__Directions for this task__
In the listing that follows, the range to quote begins at the line that has "Lusana Women’s Lindi" and ends after the line that has "Celestial Silver Moon and Star Night Rug"; quote it verbatim and add nothing.

--- Input ---

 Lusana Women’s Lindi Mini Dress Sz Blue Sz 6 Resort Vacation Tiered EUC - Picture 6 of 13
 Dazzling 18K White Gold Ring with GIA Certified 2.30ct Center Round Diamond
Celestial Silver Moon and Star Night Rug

---
--- Input ---

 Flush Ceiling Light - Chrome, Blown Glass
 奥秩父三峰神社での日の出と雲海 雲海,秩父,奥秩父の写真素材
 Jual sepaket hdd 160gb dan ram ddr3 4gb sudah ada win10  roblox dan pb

---
--- Input ---

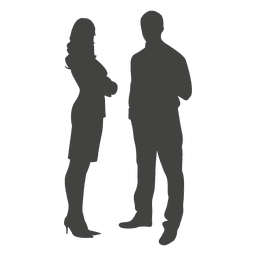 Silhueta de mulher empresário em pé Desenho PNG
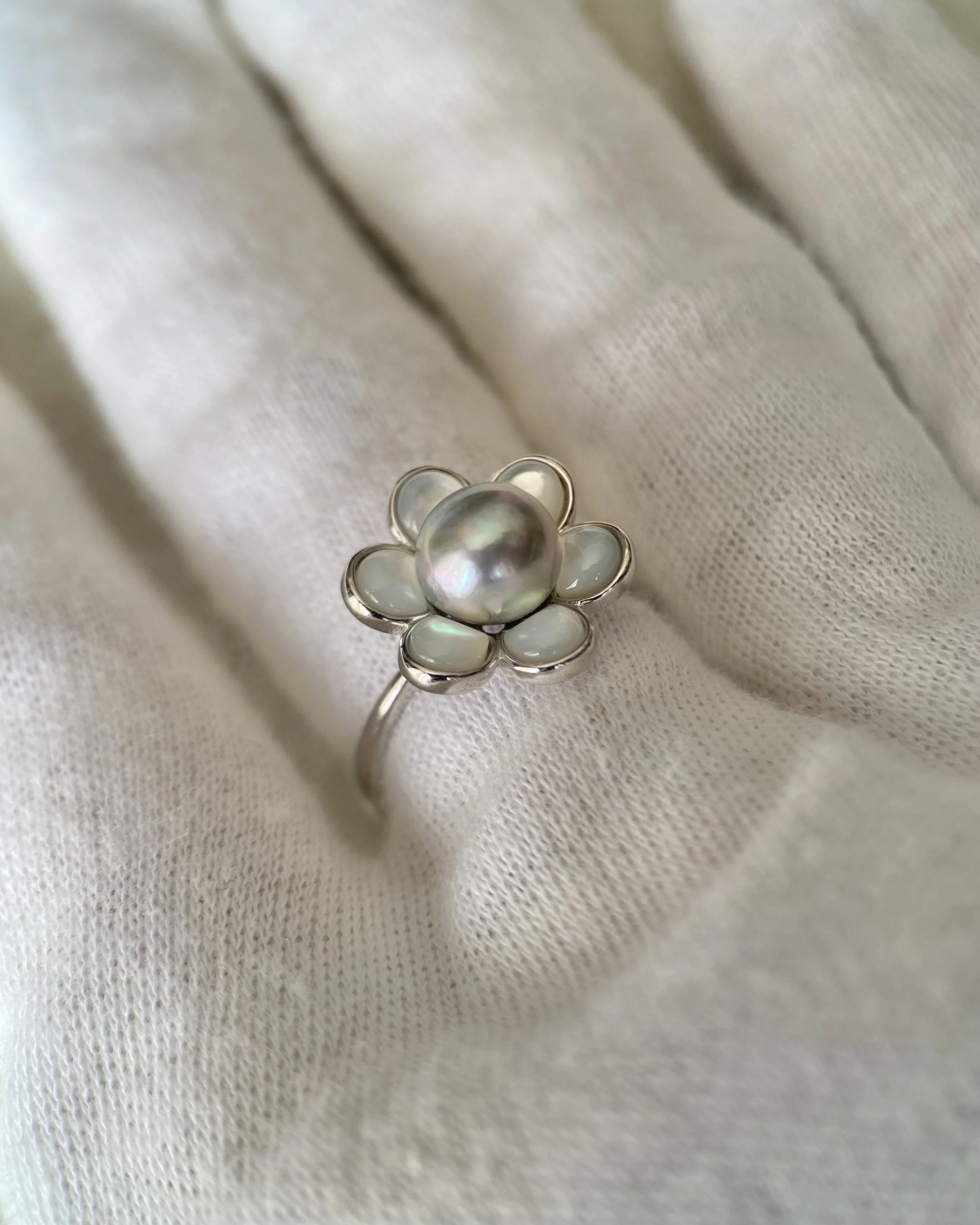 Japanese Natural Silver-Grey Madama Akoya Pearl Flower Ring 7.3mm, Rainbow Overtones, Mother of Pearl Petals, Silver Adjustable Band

---

__Final answer__
 Lusana Women’s Lindi Mini Dress Sz Blue Sz 6 Resort Vacation Tiered EUC - Picture 6 of 13
 Dazzling 18K White Gold Ring with GIA Certified 2.30ct Center Round Diamond
Celestial Silver Moon and Star Night Rug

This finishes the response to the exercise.